Write out the material below exactly, beginning at the line that contains "4238 Martin Luther" and ending with its last line, both ends included; write nothing else.
* * *
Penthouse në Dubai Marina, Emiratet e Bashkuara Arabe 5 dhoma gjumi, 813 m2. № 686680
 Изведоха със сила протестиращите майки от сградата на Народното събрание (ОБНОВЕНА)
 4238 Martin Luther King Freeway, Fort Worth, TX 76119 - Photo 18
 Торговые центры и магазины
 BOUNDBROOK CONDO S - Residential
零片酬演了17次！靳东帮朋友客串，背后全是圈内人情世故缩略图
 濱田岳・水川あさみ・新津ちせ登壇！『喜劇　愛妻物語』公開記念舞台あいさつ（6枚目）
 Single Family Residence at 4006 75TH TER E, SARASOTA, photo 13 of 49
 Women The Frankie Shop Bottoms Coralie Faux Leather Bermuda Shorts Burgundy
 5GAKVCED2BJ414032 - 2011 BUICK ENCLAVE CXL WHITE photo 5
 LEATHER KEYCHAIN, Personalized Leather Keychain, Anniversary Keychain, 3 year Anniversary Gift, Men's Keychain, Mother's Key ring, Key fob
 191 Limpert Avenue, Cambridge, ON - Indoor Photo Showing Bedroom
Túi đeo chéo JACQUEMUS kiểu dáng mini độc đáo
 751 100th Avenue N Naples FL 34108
* * *
# [Task answer]
 4238 Martin Luther King Freeway, Fort Worth, TX 76119 - Photo 18
 Торговые центры и магазины
 BOUNDBROOK CONDO S - Residential
零片酬演了17次！靳东帮朋友客串，背后全是圈内人情世故缩略图
 濱田岳・水川あさみ・新津ちせ登壇！『喜劇　愛妻物語』公開記念舞台あいさつ（6枚目）
 Single Family Residence at 4006 75TH TER E, SARASOTA, photo 13 of 49
 Women The Frankie Shop Bottoms Coralie Faux Leather Bermuda Shorts Burgundy
 5GAKVCED2BJ414032 - 2011 BUICK ENCLAVE CXL WHITE photo 5
 LEATHER KEYCHAIN, Personalized Leather Keychain, Anniversary Keychain, 3 year Anniversary Gift, Men's Keychain, Mother's Key ring, Key fob
 191 Limpert Avenue, Cambridge, ON - Indoor Photo Showing Bedroom
Túi đeo chéo JACQUEMUS kiểu dáng mini độc đáo
 751 100th Avenue N Naples FL 34108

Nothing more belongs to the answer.